June 27, 2012
Todd invited the student into his office and asked, “What’s the problem?” To which the student exclaimed, “Someone said I was short!”
Assessing the boy’s short stature, Todd said, “You do know that you’re short, don’t you?”
Startled by the question, the boy hesitated before responding, “Um…well…yes.”
Todd encouraged the boy to accept his height as a fact of life rather than pretend he wasn’t short or, worse, be ashamed of it. He said, “Look at me. I’m bald! It’s a fact of life.
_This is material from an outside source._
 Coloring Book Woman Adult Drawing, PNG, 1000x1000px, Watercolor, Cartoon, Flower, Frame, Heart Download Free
I’ll tell you what—let’s make a deal: Whenever I see you in the hallway, I’ll say, ‘Hi shorty.’ And whenever you see me, you can say, ‘Hi baldy.’ Deal?”
The boy agreed to Todd’s arrangement and, although their hallway encounters produce surprise and bewilderment from others, there hasn’t been a problem since.
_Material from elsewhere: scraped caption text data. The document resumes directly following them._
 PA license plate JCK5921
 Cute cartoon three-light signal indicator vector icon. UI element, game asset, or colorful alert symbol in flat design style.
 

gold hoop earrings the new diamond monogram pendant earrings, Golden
What I respect about Todd’s approach is that it’s devoid of all sugarcoating. He told it like it was and, I suspect, made a lasting impression on the student.
His story also reminds me how much I appreciate it when companies I deal with tell me the truth, without sugarcoating the message. If there’s a mechanical issue with the plane and we’re going to be delayed or the cable tech is running late due to an unforeseen circumstance, just tell me the truth. Let me know what’s happening.
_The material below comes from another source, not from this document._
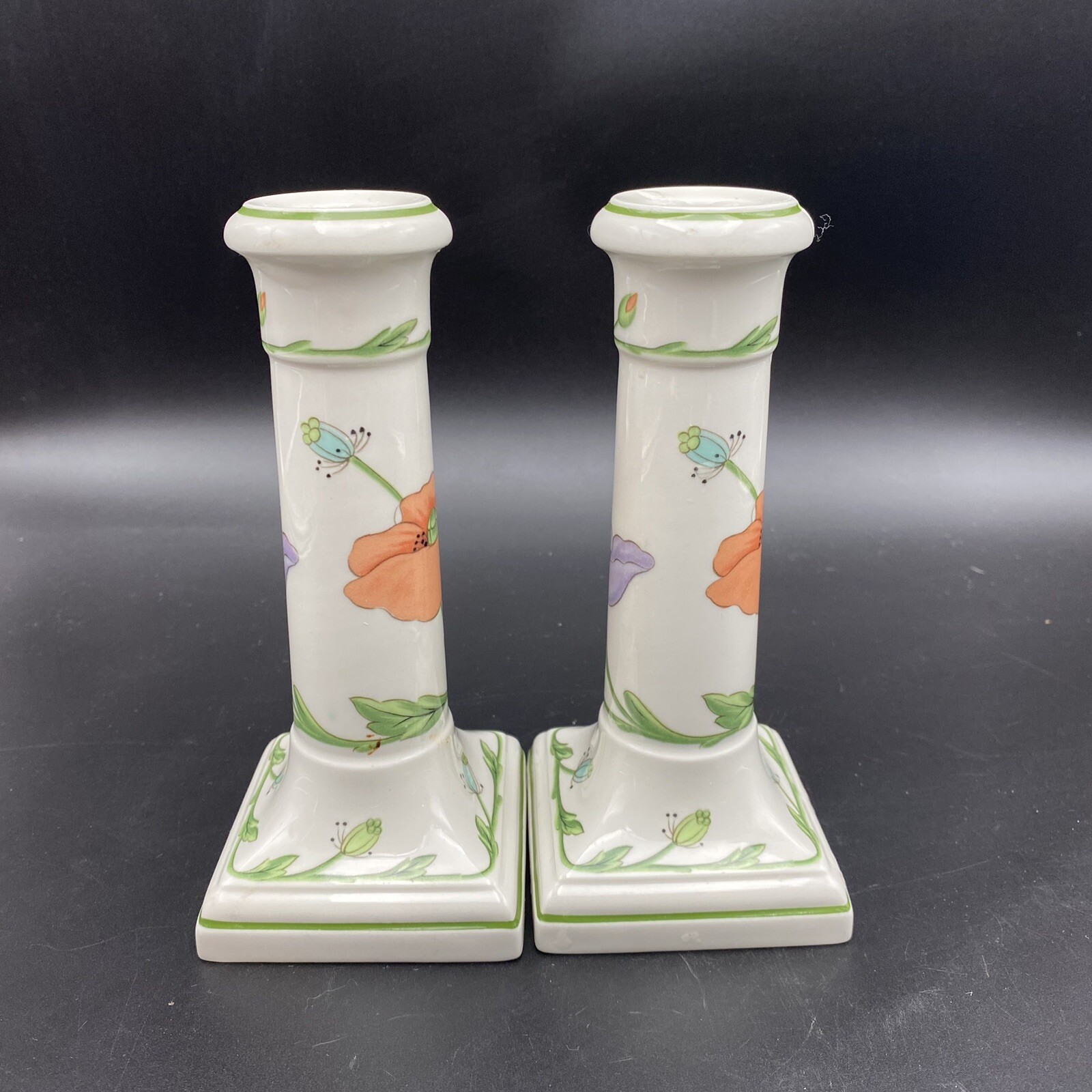 Vintage Villeroy & Boch Germany Amapola Orange Green Candlestick Holder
After the initial irritation wears off, most customers will accept the new reality and adjust their expectations accordingly. It’s only when information is cryptic or withheld altogether that many customers will become less tolerant of service hiccups and take to social media or other channels to vent.
Always communicate the truth as you know it. Customers appreciate hearing what you know and what you don’t know. Authentic, complete, non-sugarcoated communication has the power to diffuse anger, create understanding and grow relationships between people. And that’s the truth.